Strange things tend to happen to Percy Jackson, but when his math teacher turns into a giant monster and tries to kill him, that has to be one of the strangest. Percy soon learns that he is not an ordinary twelve-year-old boy with dyslexia and ADHD, but is in fact the son of one of the Greek gods, and his divine heritage means that more monsters are coming after him. He enters camp half-blood, a summer camp for training and protecting demigod children. When Percy discovers the identity of his godly father, it sets off a chain of events that results in him embarking on a cross country quest to find Zeus's master lightning bolt, and somehow stay alive in the process.

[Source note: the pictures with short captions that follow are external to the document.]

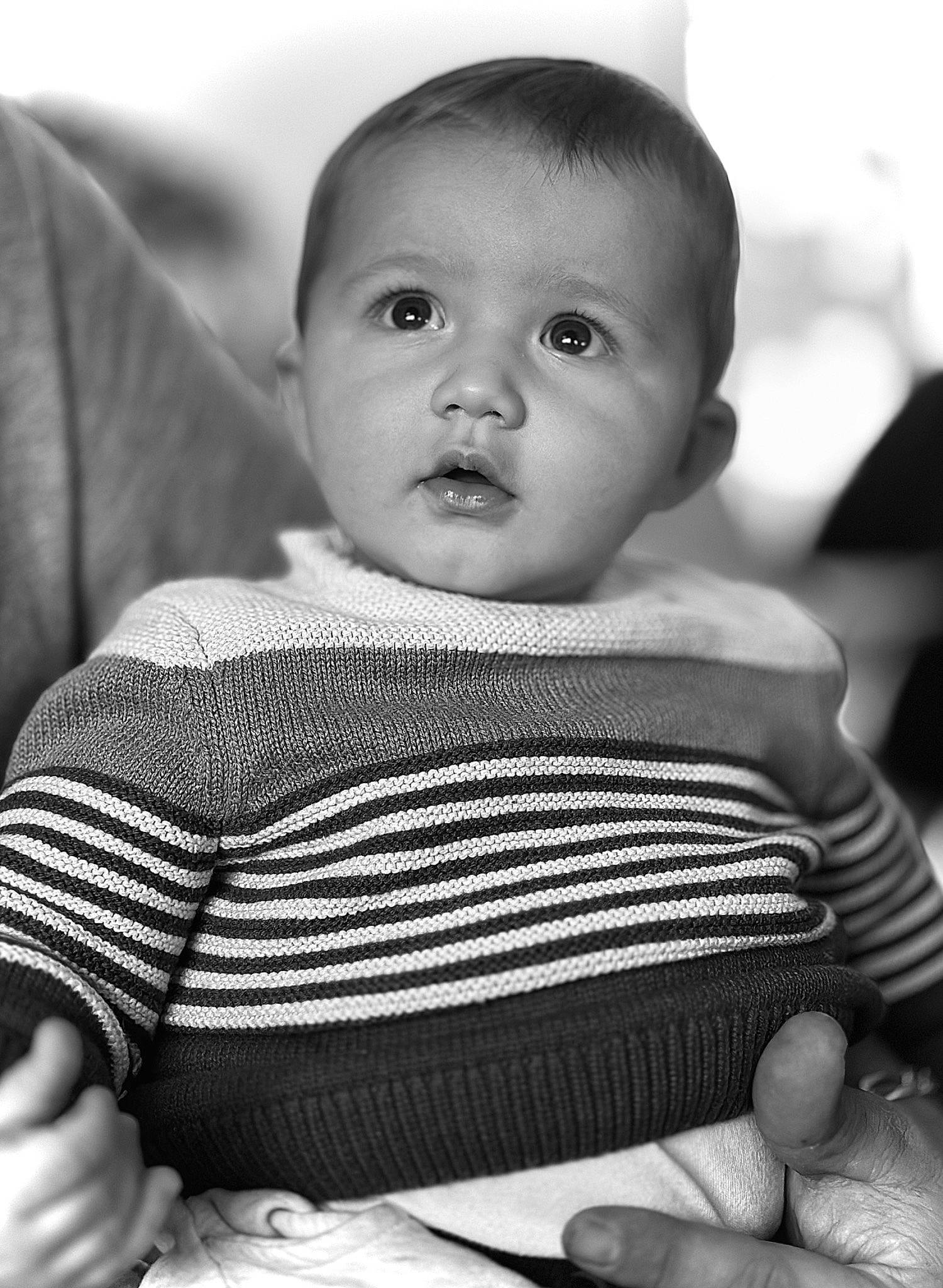 Ayden participe au concours pour gagner de l'argent avec cette photo : arm, baby, black, black_and_white, cheek, comfort, finger, gesture, hand, happy, human_body, mouth, organ, person, photograph, skin, sleeve, smile, style, toddler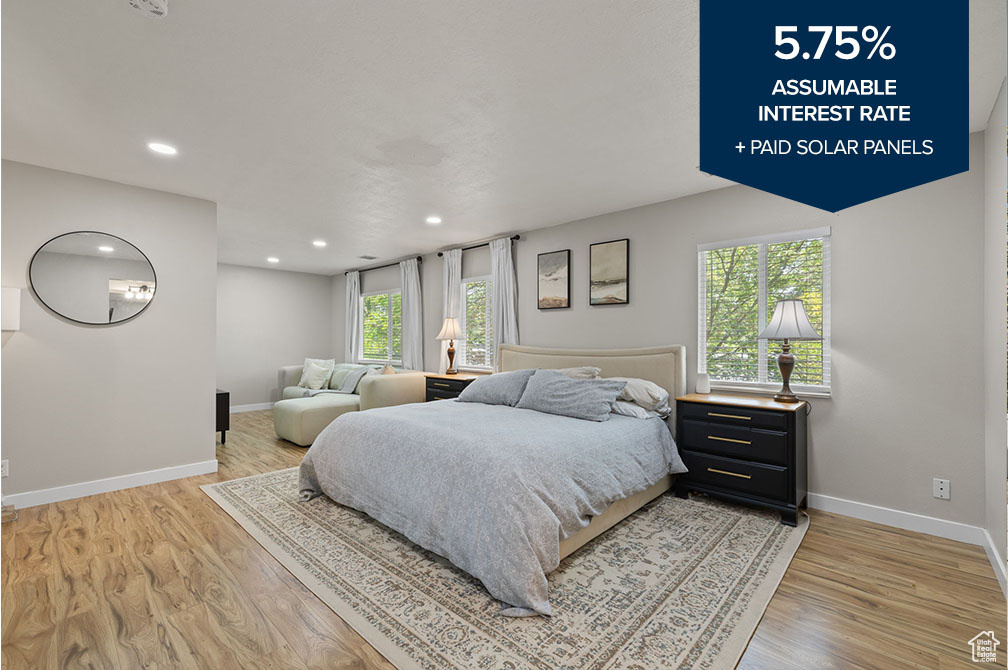 Bedroom featuring light wood finished floors and recessed lighting
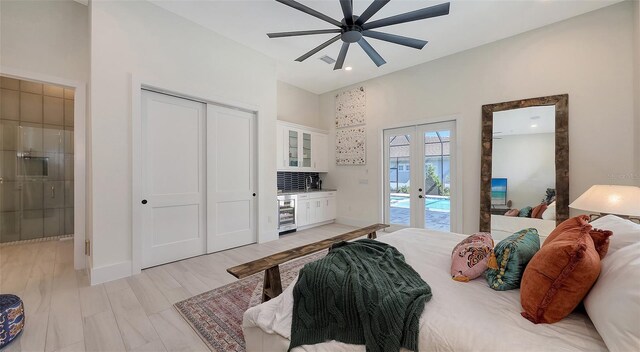 bedroom with access to exterior, baseboards, wine cooler, light wood-style flooring, and french doors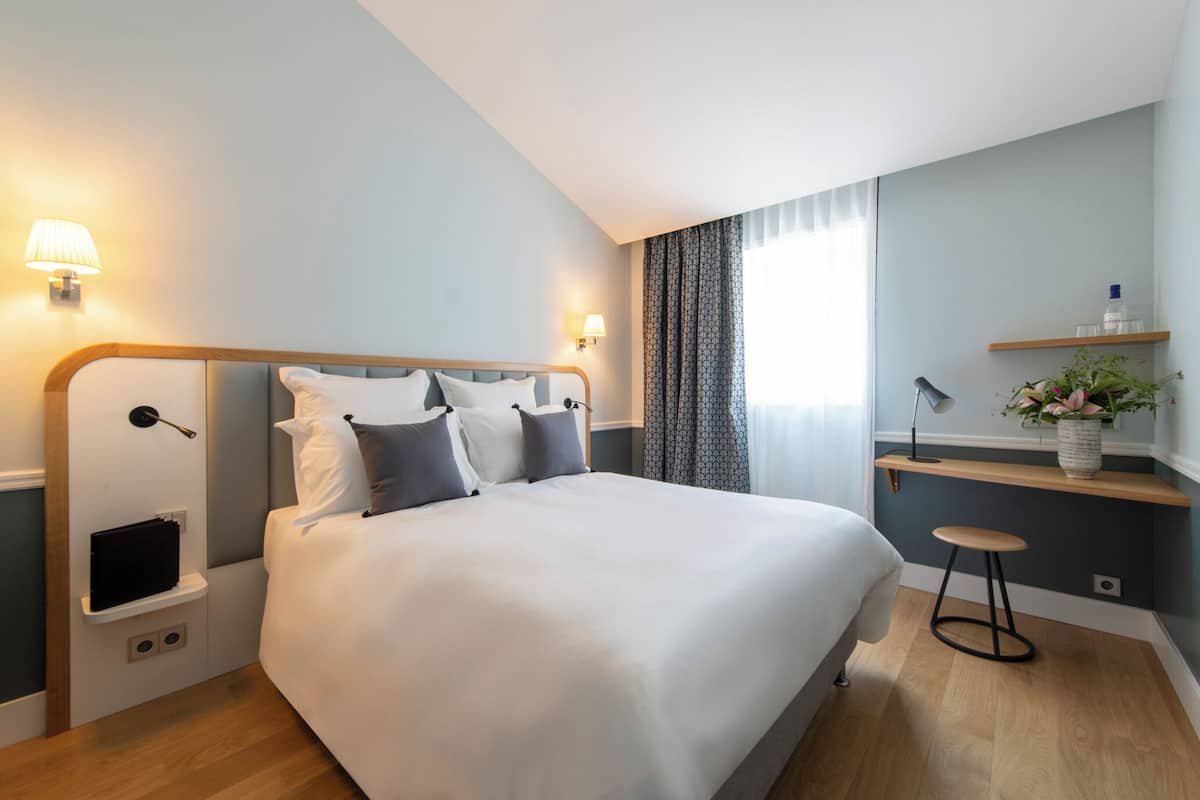 A modern hotel room with a large bed, bedside tables, a small stool, a nightstand, a wall-mounted lamp, and a shelf with a vase of flowers.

The Lightning Thief is the first book in the fantasy series, Percy Jackson and the Olympians. I've been meaning to read it for a while now, and figured with the movie coming out tomorrow, that it was time to stop putting it off. The Lightning Thief turned out to be a very fun read. It moves at a lightning fast pace (pun not intended) and is filled with action, humor, and interesting characters. I enjoyed the modern takes on many of the classic Greek gods and monsters. I also found Percy to be a great lead. I like the fact that Riordan chose to make him suffers from ADHD, and dyslexia, and fact that he has a bit of a temper. I feel that he's the perfect hero to draw in reluctant readers with similar personalities, who might normally scoff at reading a book. I've heard it said that The Lightning Thief is a "hipper" Harry Potter, although I don't think that's quite it. Admittedly, it has a similar set up to the Harry Potter Series (young boy discovers that he has magical abilities and is sent to a place where he can develop them), but I would call it a more American version of that storyline. This can be seen in the fact that we have a summer camp instead of a boarding school. I enjoyed watching how Riordan tweaked stereotypical summer camp events, such as capture the flag.

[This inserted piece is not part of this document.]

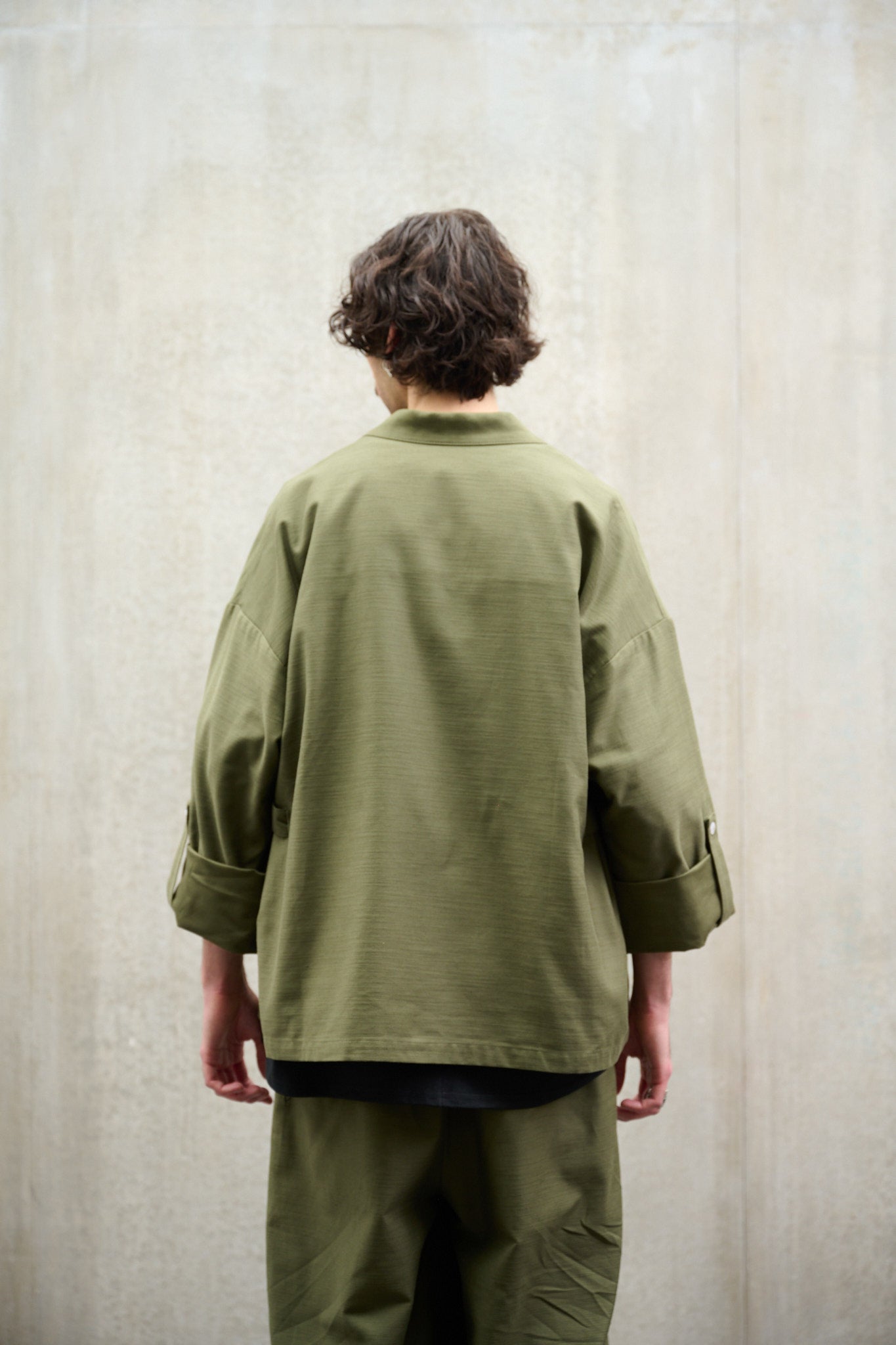 Veste croisée à col kimono Aïdama modèle samue en coton vert texturé. Portée par un mannequin homme et vue de dos.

The Lightning Thief has it's weaknesses as well. There's a heavy handedness to the writing style that didn't always mesh well with me. For example, whenever they would foreshadow a future event, it was if the author put up a giant red flag and said "this is important for later!" If you're looking for subtlety, this is not the place to go. This was the most obvious when building up to the reveal of Percy's father. Throughout the beginning of the book Percy's connection to water is made very obvious. Perhaps Percy wouldn't be the one to pick up on it, but I find it a little suspicious that more informed characters like Annabeth never bring it up as a possibility. Also, the road trip portion of the book consists of Percy coming up against monstrous foes from Greek mythology and having to evade them. Although this was fun at first, it did get a little repetitive after a while.

The Lightning Thief is a fun read with plenty to draw in even the most reluctant readers. Despite it's flaws, I am quite happy I picked it up and do plan on continuing the series.

Rating: four stars
Length: 377 pages
Source: paperbackswap
Challenge: This book is not part of any challenges
Similar Books: The Lightning Thief should appeal to fans of books like The Harry Potter Series by JK Rowling (see all of my reviews), Skulduggery Pleasant by Derek Landy, and The Wish List by Eoin Colfer, which takes a similar view to Christian figures/saints, as The Lightning Thief does to Greek gods. For more "young hero discovers that he/she has magical abilities and is sent to a place where they can develop them" try both The Magic Circle and The Circle Opens Quartets by Tamora Pierce, and The Heralds of Valdemar Trilogy (also know as the Arrows Trilogy or Talia books) by Mercedes Lackey. The Heralds of Valdemar are intended for an older audience.